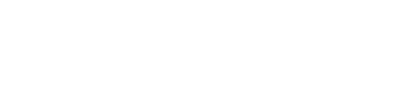 E*TRADE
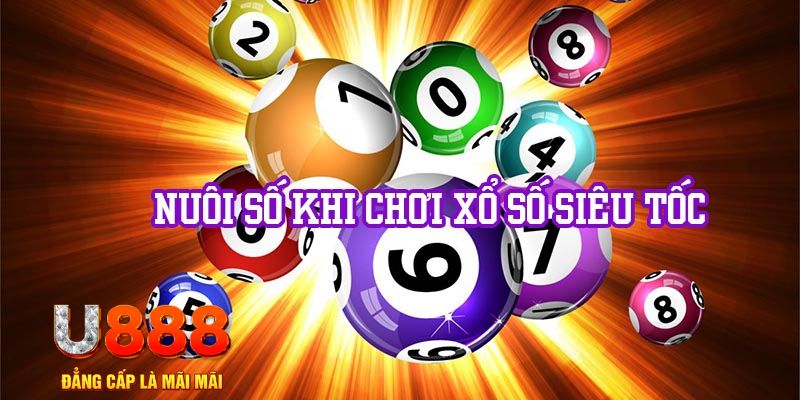 oklavip sổ xô miên nam hôm nay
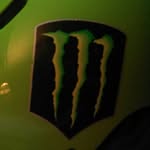 larry smock - @larrysmock - Instagram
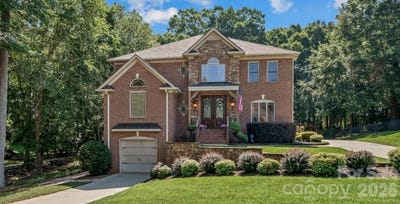 /international/us/6324-pumpernickel-lane-wesley-chapel-nc-110108738869/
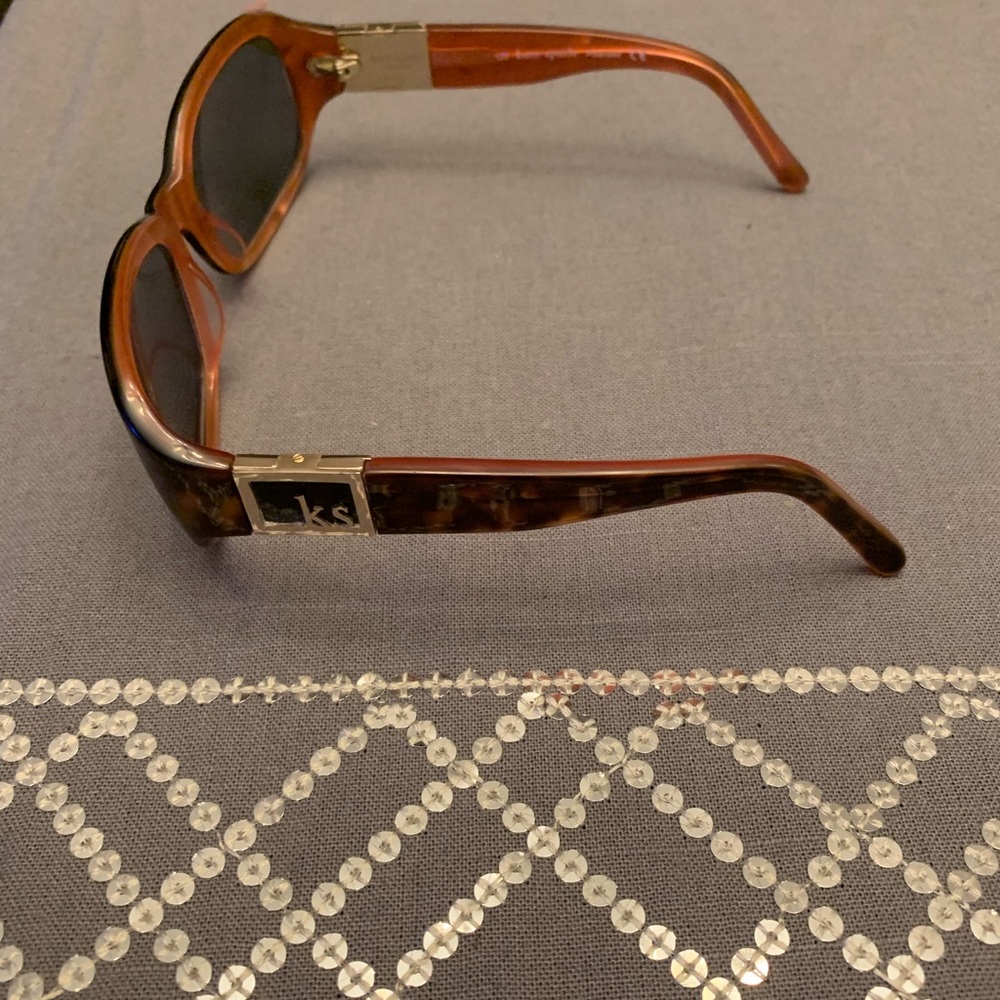 🔆Kate Spade🔆 sunglasses!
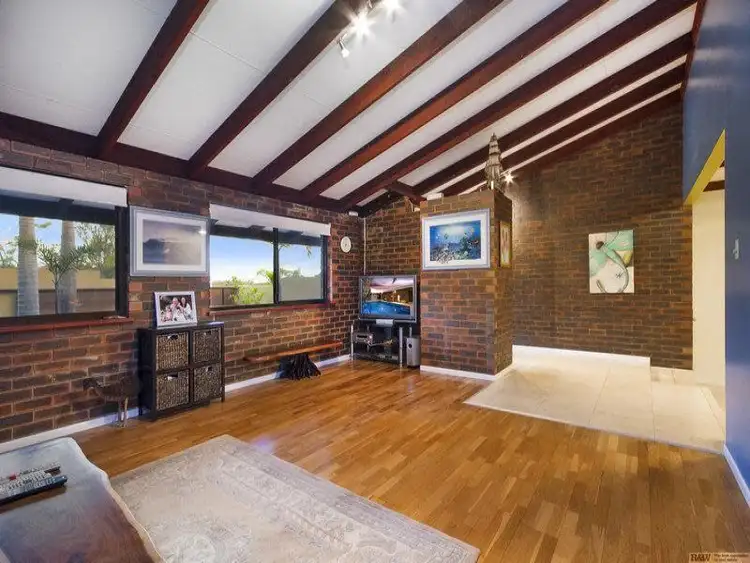 Third view of Homely house listing, 50 St Andrews Drive, Tewantin QLD 4565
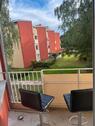 Foto - 3 Zimmer Wohnung zu verkaufen - 95.000,00&nbsp;EUR Kaufpreis, ca.&nbsp; 63,00&nbsp;m&sup2;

· · ·

[Your goal]
All entries are to be duplicated exactly, with the pictures left out.

[Written answer]
 E*TRADE
 oklavip sổ xô miên nam hôm nay
 larry smock - @larrysmock - Instagram
 /international/us/6324-pumpernickel-lane-wesley-chapel-nc-110108738869/
 🔆Kate Spade🔆 sunglasses!
 Third view of Homely house listing, 50 St Andrews Drive, Tewantin QLD 4565
 Foto - 3 Zimmer Wohnung zu verkaufen - 95.000,00&nbsp;EUR Kaufpreis, ca.&nbsp; 63,00&nbsp;m&sup2;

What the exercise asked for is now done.